Calcitonin is tumour marker for the medullary cancer of thyroid, myeloma and the multiple endocrine neoplasia.

Thyroglobulins are tumour markers for recurrence of metastases of the thyroid cancer.

Antimalignin Antibody Screen (AMAS) is a less specific tumour marker that simply indicates the presence of a cancer in the body.

Pre-Cancerous Stage (Leukoplakia)

Pre-cancerous stage is a stage prior to cancer. Dysplasia of the cervix and Leukoplakia in the oral cavity are the common pre-cancerous stages. Leukoplakia is a white thickened patch that usually appears in the mucous membrane of the mouth, lips, tongue, vulva and anus. The oral cavity Leukoplakia is commonly seen in tobacco-chewers & smokers. With continued use of tobacco, it progresses to form cancer. On the other hand, if the person having Leukoplakia stops tobacco-chewing & smoking, the leukoplakic patch does not develop into cancer, instead it gradually reverts back to the normal tissue. Cervical dysplasia is an altered patch of cervical tissue that can progress to cancer. It can be detected by performing Pap test. An early detection of cervical dysplasia usually provides enough time to the patient for taking preventive measures. Studies conducted by the Imperial Cancer Research Fund in London on the women smokers having cervical dysplasia, revealed that the lesions reduce remarkably in those women who stop smoking for more than six months.

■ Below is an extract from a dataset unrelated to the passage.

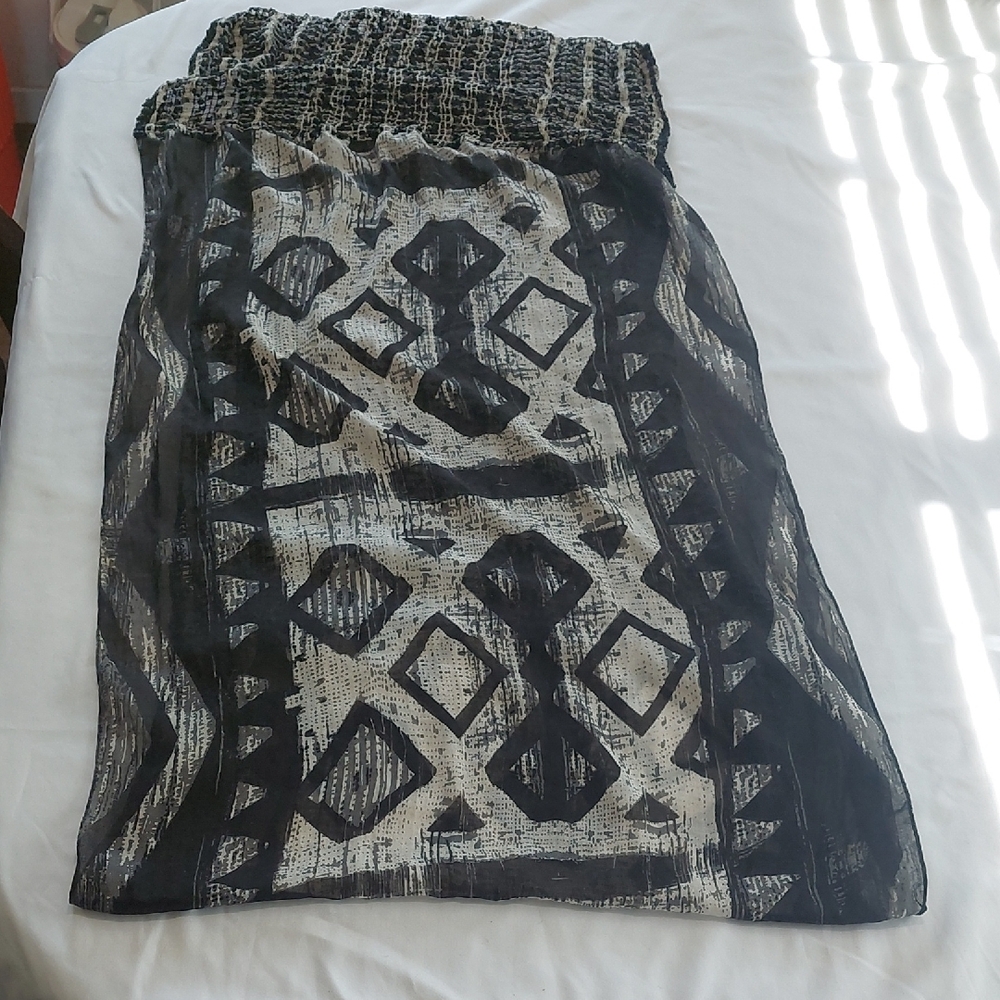 Black, White,Gold  Geometric Two Types Of Material .Infinity Scarf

Difference Between Benign Tumours & Malignant Tumours

When a living cell in the body loses its control over the normal cell division due to some external or internal factors, it starts multiplying at a much faster rate, loosing all restraints and controls. This purposeless proliferation of cells usually forms a mass known as Tumour or Neoplasm, which may be benign or malignant in character. The benign tumour is usually encapsulated and grows in size at one site. It remains within the tissue of its origin and does not spread to other parts of the body. The benign tumour can be completely removed by surgery. On the other hand, malignant tumour invades adjoining tissues and also spreads to distant tissues and organs of the body through various routes including lymphatic and vascular channels. The concept of dividing tumours into benign and malignant groups is too rigid. It has been observed that there is a third group of the tumours, which can invade locally but do not metastasise. These tumours are called intermediate tumours, which include: adenoma of the bronchus, mixed salivary tumour, carcinoid tumour and basal cell carcinoma. Some of the benign tumours can become malignant. Some or all of the following changes may be observed when a benign tumour turns malignant: rapid growth of the tumour; increased vascularity of the tumour; fixation of the tumour; and metastasis of the tumour.